ECLI:NL:OGEAC:2023:68

Gerecht in eerste aanleg van Curaçao

Datum uitspraak
31 januari 2023
Publicatiedatum
6 april 2023
Zaaknummer
CUR202103956
Instantie
Gerecht in eerste aanleg van Curaçao
Type
Uitspraak
Rechtsgebied
Bestuursrecht; Belastingrecht
Procedures
  • Eerste aanleg - enkelvoudig
Rechters
Vindplaatsen
  • Rechtspraak.nl
AI samenvatting door LexboostAutomatisch gegenereerd

Beroep tegen aanslag inkomstenbelasting 2016 en bewijslastverdeling

In deze zaak heeft belanghebbende zijn aangifte inkomstenbelasting over het jaar 2016 ingediend, waarin hij een belastbaar inkomen van NAf 254.759 en een te betalen belasting van NAf 6.284 opgeeft. Later heeft hij een herziene aangifte ingediend met een belastbaar inkomen van NAf 222.352 en een terug te ontvangen belasting van NAf 35. De Inspecteur heeft echter een aanslag opgelegd op basis van een belastbaar inkomen van NAf 266.665, wat resulteert in een te betalen belasting van NAf 11.820. Het geschil betreft de vraag of deze aanslag correct is vastgesteld.
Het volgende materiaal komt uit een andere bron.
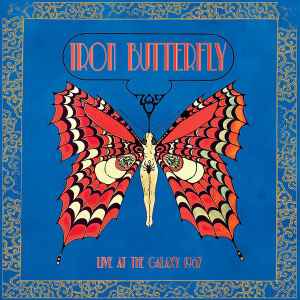Iron Butterfly - Live At The Galaxy 1967 album cover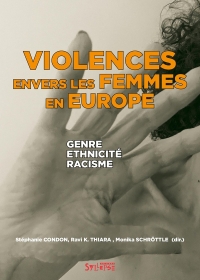Violences envers les femmes en Europe: Genre, ethnicité, racisme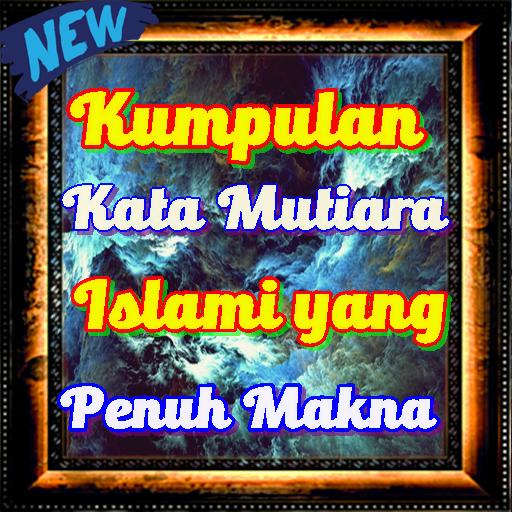 Download Gratis Gambar Kumpulan Kata Mutiara Islami Yang Penuh Makna For Android Apk Terbaru oleh Cikimm.com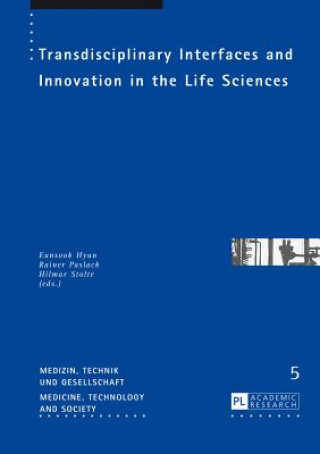 Kniha Transdisciplinary Interfaces and Innovation in the Life Sciences Eunsook Hyun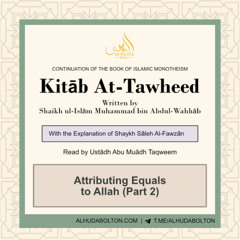Kitāb At-Tawheed: Attributing Equals to Allah (Part 2)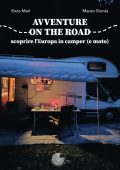 Enzo Mari, Maura Giunta - Avventure on the road - scoprire l’Europa in camper (e moto) (2025)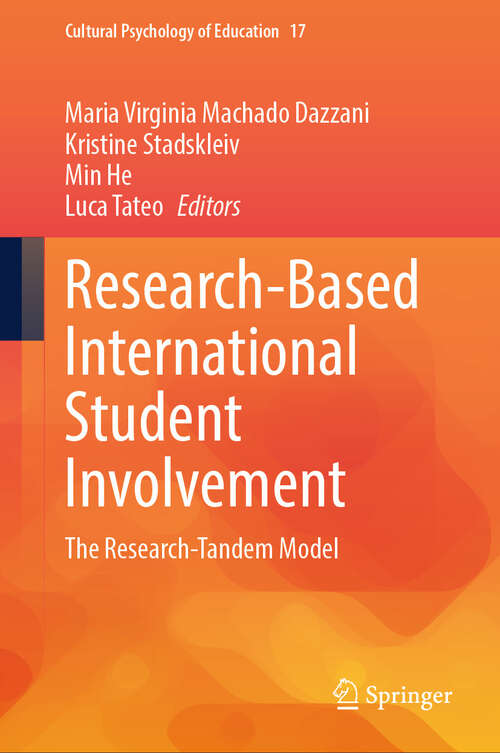 Book cover of Research-Based International Student Involvement: The Research-Tandem Model (Cultural Psychology of Education #17)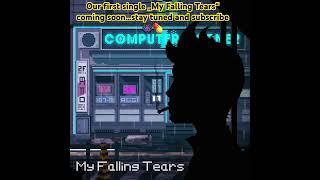 Our first single „My Falling Tears“ coming soon…stay tuned and subscribe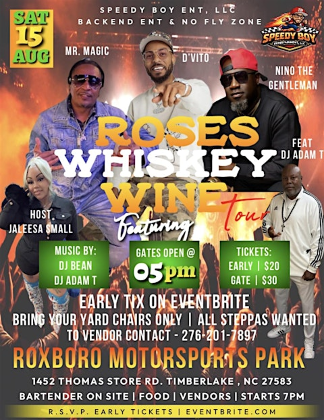 Roses, Whiskey, and Wine Tour Field Party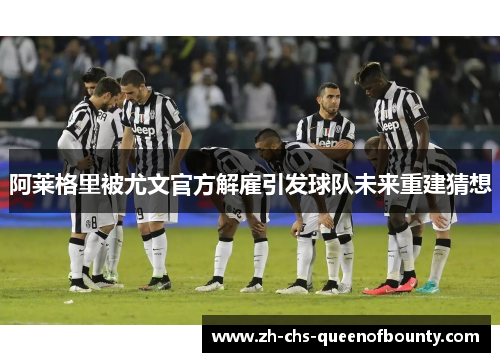 阿莱格里被尤文官方解雇引发球队未来重建猜想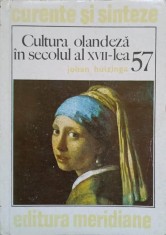 CULTURA OLANDEZA IN SECOLUL AL XVII-LEA-JOHAN HUIZINGA-339627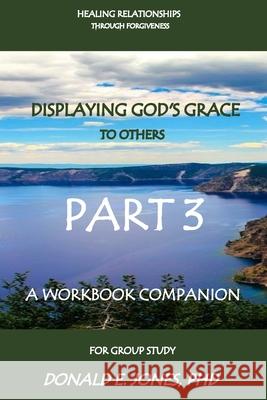 Healing Relationships Through Forgiveness Displaying God's Grace To Others A Workbook Companion For Group Study Part 3 Jones, Donald E. 9781946368010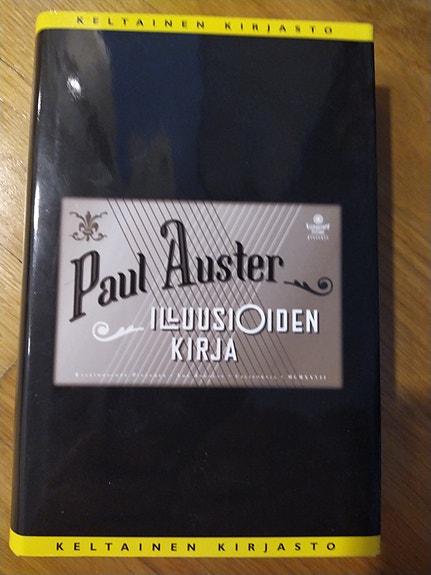 Paul Auster: Illuusioiden kirja (Keltainen kirjasto)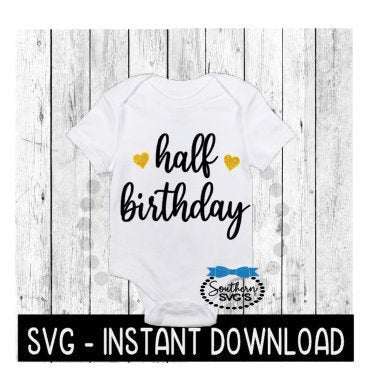 Half Birthday SVG, Baby Bodysuit SVG Files, Instant Download, Cricut Cut Files, Silhouette Cut Files, Download, Print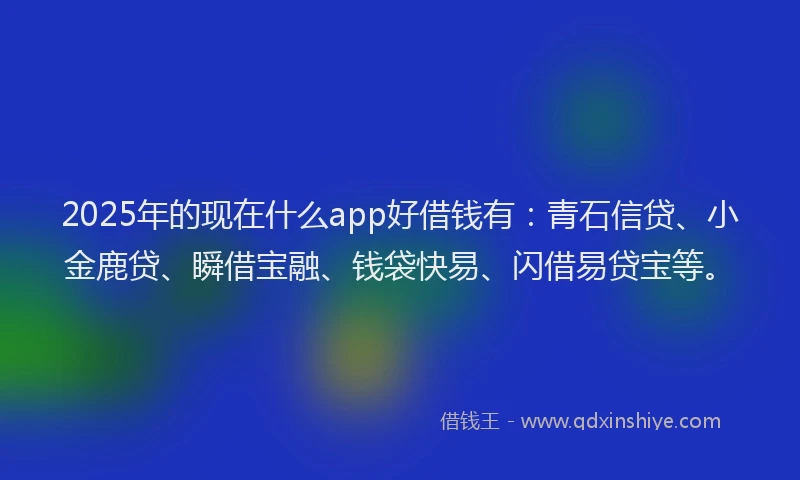 2025年的现在什么app好借钱有：青石信贷、小金鹿贷、瞬借宝融、钱袋快易、闪借易贷宝等。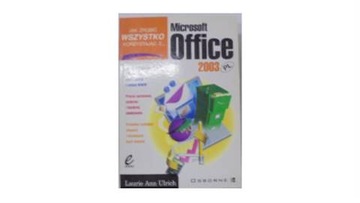 Jak zrobić wszystko korzystając z... Microsoft Off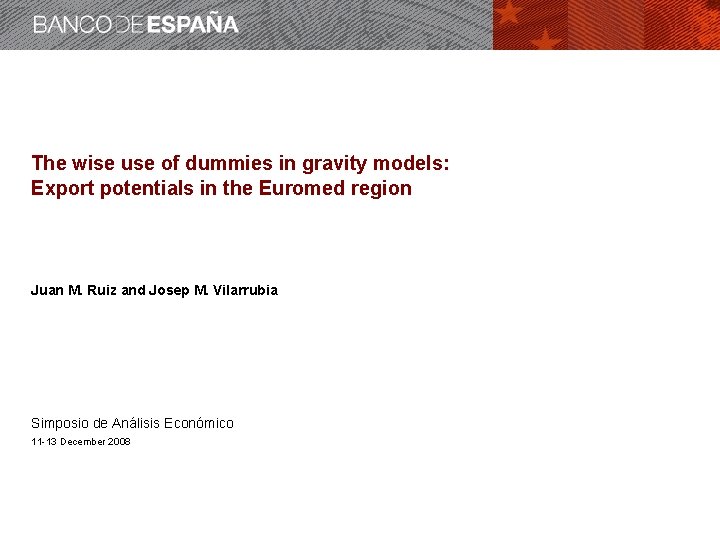 The wise use of dummies in gravity models: Export potentials in the Euromed region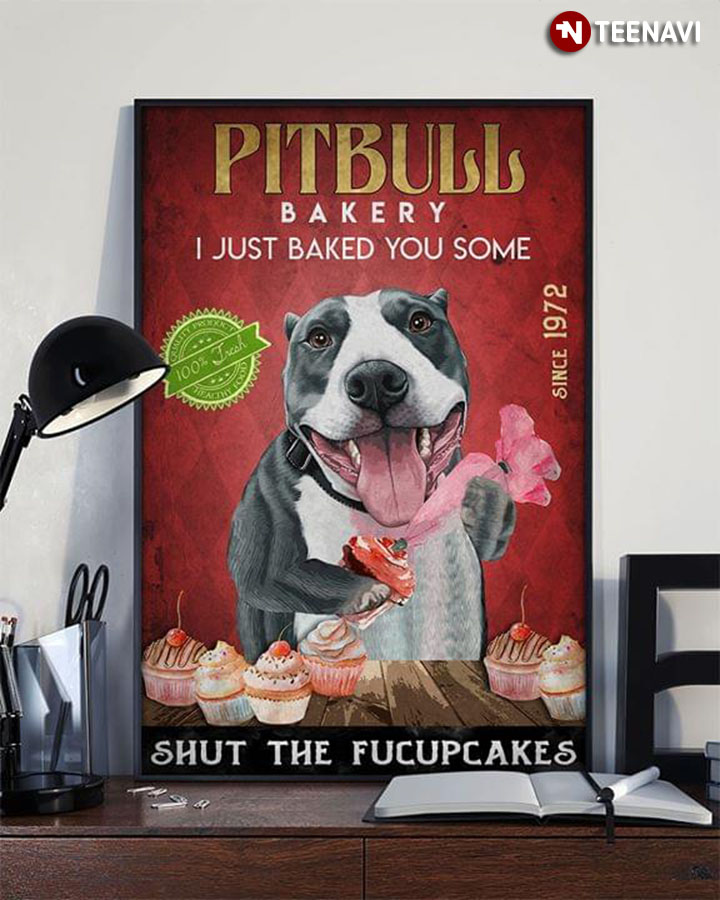 Funny Pitbull Bakery I Just Baked You Some Shut The Fucupcakes Since 1972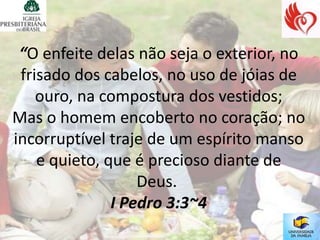 “O enfeite delas não seja o exterior, no
 frisado dos cabelos, no uso de jóias de
    ouro, na compostura dos vestidos;
Mas o homem encoberto no coração; no
incorruptível traje de um espírito manso
    e quieto, que é precioso diante de
                   Deus.
               I Pedro 3:3~4
 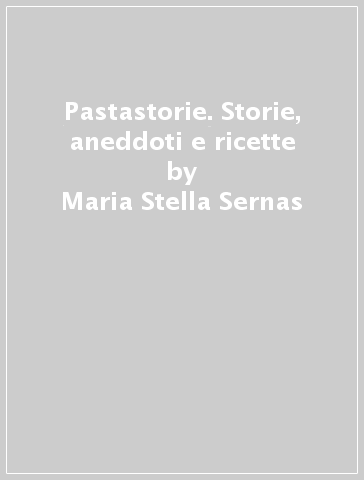 Pastastorie. Storie, aneddoti e ricette - Maria Stella Sernas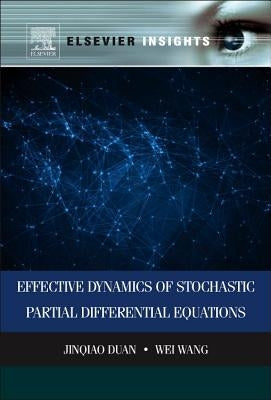 Effective Dynamics of Stochastic Partial Differential Equations by Duan, Jinqiao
Belanghebbende moet bewijzen dat de bedragen in zijn herziene aangifte juist zijn, maar het Gerecht oordeelt dat hij hierin niet is geslaagd. De Inspecteur heeft met loonbelastingkaarten aangetoond dat belanghebbende een totaal aan looninkomsten van NAf 224.376 heeft genoten. Het Gerecht concludeert dat de Inspecteur aan zijn bewijslast heeft voldaan en dat de aanslag inkomstenbelasting gehandhaafd moet blijven. Het beroep van belanghebbende wordt ongegrond verklaard.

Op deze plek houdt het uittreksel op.